Coulston’s involvement with landscape architecture began in 1887 when she relocated to New York City and became an editorial assistant for Garden and Forest, an important venue for emerging ideas in landscape design and related fields. After the journal was discontinued in 1897, Coulston completed a two-year course in the horticultural program at Cornell University, led by Liberty Hyde Baily. Familiar with her writing experience, Baily enlisted Coulston to assist with his seminal Cyclopedia of American Horticulture.
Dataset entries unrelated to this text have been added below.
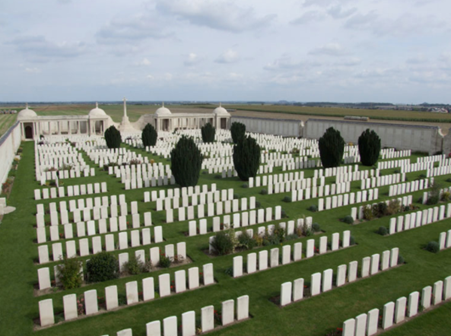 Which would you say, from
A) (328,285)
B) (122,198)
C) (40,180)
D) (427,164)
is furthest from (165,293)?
(427,164)

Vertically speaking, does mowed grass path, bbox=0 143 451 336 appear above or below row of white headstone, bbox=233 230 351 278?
below

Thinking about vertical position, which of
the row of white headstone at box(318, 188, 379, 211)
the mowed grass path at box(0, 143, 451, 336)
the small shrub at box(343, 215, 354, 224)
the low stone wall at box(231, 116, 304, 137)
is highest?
the low stone wall at box(231, 116, 304, 137)

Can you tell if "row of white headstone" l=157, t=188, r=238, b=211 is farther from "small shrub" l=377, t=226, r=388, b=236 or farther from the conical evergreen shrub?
the conical evergreen shrub

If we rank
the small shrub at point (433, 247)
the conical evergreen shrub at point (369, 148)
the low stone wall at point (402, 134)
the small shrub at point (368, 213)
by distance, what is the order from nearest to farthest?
the small shrub at point (433, 247)
the small shrub at point (368, 213)
the conical evergreen shrub at point (369, 148)
the low stone wall at point (402, 134)

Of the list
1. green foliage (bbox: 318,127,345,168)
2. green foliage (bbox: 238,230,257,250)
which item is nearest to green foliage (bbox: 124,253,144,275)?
green foliage (bbox: 238,230,257,250)

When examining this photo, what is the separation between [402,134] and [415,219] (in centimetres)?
2270

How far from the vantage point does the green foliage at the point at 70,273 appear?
9.07 meters

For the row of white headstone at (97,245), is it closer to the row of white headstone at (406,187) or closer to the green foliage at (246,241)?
the green foliage at (246,241)

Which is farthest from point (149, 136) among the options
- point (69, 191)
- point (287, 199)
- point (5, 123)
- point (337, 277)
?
point (5, 123)

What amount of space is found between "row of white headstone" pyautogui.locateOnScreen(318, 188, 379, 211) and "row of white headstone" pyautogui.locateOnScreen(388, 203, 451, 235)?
3.11m

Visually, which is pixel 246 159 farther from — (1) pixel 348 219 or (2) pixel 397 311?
(2) pixel 397 311

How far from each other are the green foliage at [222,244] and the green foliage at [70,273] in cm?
377

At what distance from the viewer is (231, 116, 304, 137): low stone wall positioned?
1772 inches

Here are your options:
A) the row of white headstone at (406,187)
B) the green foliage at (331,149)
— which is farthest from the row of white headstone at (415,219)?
the green foliage at (331,149) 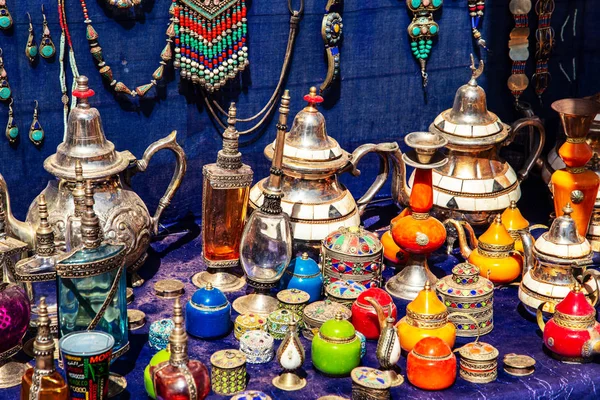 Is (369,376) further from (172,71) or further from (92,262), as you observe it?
(172,71)

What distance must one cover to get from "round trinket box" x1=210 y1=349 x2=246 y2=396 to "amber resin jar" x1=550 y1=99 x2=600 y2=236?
4.90 feet

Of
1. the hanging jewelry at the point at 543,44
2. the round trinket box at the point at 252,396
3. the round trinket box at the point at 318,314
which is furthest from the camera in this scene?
the hanging jewelry at the point at 543,44

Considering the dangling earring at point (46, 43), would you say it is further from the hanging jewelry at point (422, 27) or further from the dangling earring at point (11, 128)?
the hanging jewelry at point (422, 27)

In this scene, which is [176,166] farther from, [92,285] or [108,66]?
[92,285]

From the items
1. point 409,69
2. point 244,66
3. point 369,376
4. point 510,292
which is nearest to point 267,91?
point 244,66

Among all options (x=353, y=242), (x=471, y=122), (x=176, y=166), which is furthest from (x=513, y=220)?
(x=176, y=166)

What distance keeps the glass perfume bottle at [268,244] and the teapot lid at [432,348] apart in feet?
1.89

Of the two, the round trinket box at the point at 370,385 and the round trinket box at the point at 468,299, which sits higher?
the round trinket box at the point at 468,299

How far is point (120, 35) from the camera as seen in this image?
3988 mm

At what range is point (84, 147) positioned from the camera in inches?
143

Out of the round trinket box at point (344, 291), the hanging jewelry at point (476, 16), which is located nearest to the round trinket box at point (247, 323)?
the round trinket box at point (344, 291)

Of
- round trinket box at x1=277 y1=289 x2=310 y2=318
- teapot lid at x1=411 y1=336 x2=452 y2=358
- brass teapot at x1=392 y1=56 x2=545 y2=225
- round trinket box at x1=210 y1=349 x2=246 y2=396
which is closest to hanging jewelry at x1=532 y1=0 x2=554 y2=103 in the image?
brass teapot at x1=392 y1=56 x2=545 y2=225

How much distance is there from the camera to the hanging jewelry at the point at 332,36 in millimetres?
4289

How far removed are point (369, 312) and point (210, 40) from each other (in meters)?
1.29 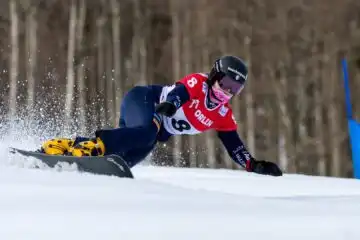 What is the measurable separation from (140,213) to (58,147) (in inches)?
101

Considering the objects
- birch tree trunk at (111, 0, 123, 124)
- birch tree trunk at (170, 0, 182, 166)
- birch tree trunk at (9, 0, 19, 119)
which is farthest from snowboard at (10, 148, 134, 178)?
birch tree trunk at (9, 0, 19, 119)

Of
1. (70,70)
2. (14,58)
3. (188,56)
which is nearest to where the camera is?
(188,56)

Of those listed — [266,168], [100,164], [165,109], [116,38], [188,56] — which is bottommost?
[266,168]

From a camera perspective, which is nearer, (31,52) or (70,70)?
(70,70)

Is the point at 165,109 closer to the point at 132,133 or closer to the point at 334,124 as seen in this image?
the point at 132,133

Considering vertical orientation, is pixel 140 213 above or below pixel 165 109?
below

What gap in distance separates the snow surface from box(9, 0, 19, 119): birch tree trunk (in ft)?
59.5

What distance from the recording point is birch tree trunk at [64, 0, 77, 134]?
67.7 feet

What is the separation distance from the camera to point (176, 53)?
784 inches

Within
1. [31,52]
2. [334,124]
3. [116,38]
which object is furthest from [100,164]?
[31,52]

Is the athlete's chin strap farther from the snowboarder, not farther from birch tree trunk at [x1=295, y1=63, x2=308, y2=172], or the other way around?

In 1902 George W. Marston of the San Diego Chamber of Commerce hired Coulston to write feature articles about the development of City Park (known today as Balboa Park) in an effort to sway public opinion. She was elected secretary of the Park Improvement Committee on January 1, 1903, prompting her move from the Bay Area to San Diego to focus on the park’s development. In this role, Coulston was critical in selecting landscape architect Samuel Parsons, Jr., to design City Park and helped coordinate the Park Improvement Committee’s planning efforts. During the summer of 1904, she enrolled in summer classes at the University of California, Berkeley, to complete her college degree. Coulston died unexpectedly on July 17, 1904, in Oakland during emergency surgery in the wake of an intestinal blockage.